> **WHAT YOU ARE ASKED TO DO**:
Exactly reproduce each record listed below.

> **MATERIAL SHOWN**:
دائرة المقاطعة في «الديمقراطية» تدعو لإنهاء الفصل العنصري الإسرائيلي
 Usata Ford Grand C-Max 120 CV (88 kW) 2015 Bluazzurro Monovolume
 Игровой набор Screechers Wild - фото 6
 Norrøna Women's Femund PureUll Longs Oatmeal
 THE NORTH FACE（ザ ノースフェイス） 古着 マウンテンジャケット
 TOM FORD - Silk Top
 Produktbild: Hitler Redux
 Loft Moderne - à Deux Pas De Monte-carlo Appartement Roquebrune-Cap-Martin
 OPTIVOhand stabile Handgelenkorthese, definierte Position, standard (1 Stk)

> **RESULT**:
دائرة المقاطعة في «الديمقراطية» تدعو لإنهاء الفصل العنصري الإسرائيلي
 Usata Ford Grand C-Max 120 CV (88 kW) 2015 Bluazzurro Monovolume
 Игровой набор Screechers Wild - фото 6
 Norrøna Women's Femund PureUll Longs Oatmeal
 THE NORTH FACE（ザ ノースフェイス） 古着 マウンテンジャケット
 TOM FORD - Silk Top
 Produktbild: Hitler Redux
 Loft Moderne - à Deux Pas De Monte-carlo Appartement Roquebrune-Cap-Martin
 OPTIVOhand stabile Handgelenkorthese, definierte Position, standard (1 Stk)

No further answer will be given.